Children of mothers who smoked and were overweight during pregnancy are at most risk of becoming obese later in life, a new study finds.

Elevated risks already associated with smoking during pregnancy include premature birth, miscarriages, certain birth defects and infant death.

Researchers in the latest study were able to predict a greater risk for a obesity by examining the child’s mother’s behavior around their birth, according the study done at the University of Montreal.

"Although behavior is extremely hard to change and is also influenced by a complex tangle of influencing factors in the environment, I hope these findings will help improve the social and medical services we offer to mothers and infants," said lead author Laura Pryor, a PhD candidate at the university's Department of Social and Preventive Medicine.

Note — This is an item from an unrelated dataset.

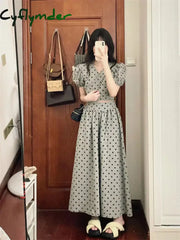 Cyflymder 2024 Girls Summer Blouse Women Suit Shirt Short Sleeves Tops High Waist Long Print A Line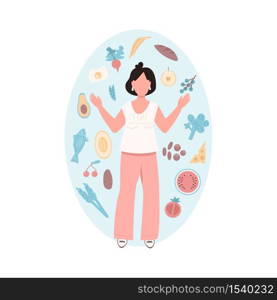 Healthy woman flat color vector faceless character. Vegetable and nutritious food. Fit female. Vegetarian lifestyle. Healthy diet isolated cartoon illustration for web graphic design and animation. Healthy woman flat color vector faceless character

Using the Quebec Longitudinal Study of Child Development that ran from 1998 to 2006, Pryor and her team analyzed data on 1,957 children, whose height and weight measurements had been taken yearly, from the age of 5 months to eight-years-old, enabling them to calculate the children’s body mass index (BMI).

The authors explained that BMI is “calculated as weight in kilograms divided by height in meters squared,” and said that the researchers identified three trajectory groups, which include, children with low but stable BMI, children with moderate BMI, and children whose BMI was elevated and rising, called high-rising BMI.

"We discovered the trajectories of all three groups were similar until the children were about two and a half," Pryor said in the study published by the journal Pediatric and Adolescent Medicine.

"Around that point the BMIs of the high-rising group of children began to take off. By the time these children moved into middle childhood, more than 50 per cent of them were obese according to international criteria." Researchers found that the mothers' weight around the time they gave birth and whether the mothers smoked had an influence on the child’s weight.

Children that had mothers who were “overweight or who smoked during pregnancy were significantly more likely to be in the high-rising group,” the authors wrote. These two factors were found to be much more important than the other criteria that were studied, such as the child's birth weight.

Researchers found that both factors were much more important than other criteria studied, such as the child’s birth weight.

As more research will be required to determine how these early-life factors have an influence on childhood obesity, the risk factors found in this study represent increased probabilities of becoming overweight, but the authors explained that they’re not direct causes and the researchers want to broaden their study and follow these children until they reach adolescence.

"Our research adds to the growing evidence that the perinatal environment has an important influence on later obesity," Pryor said. "This points to the need for early interventions with at-risk families in order to prevent the development of childhood weight problems and the intergenerational transmission of ill health. I would like to conduct further studies to find out what happens to these kids once they reach adolescence, and I hope that my research will help in the development of strategies to combat this serious public health issue."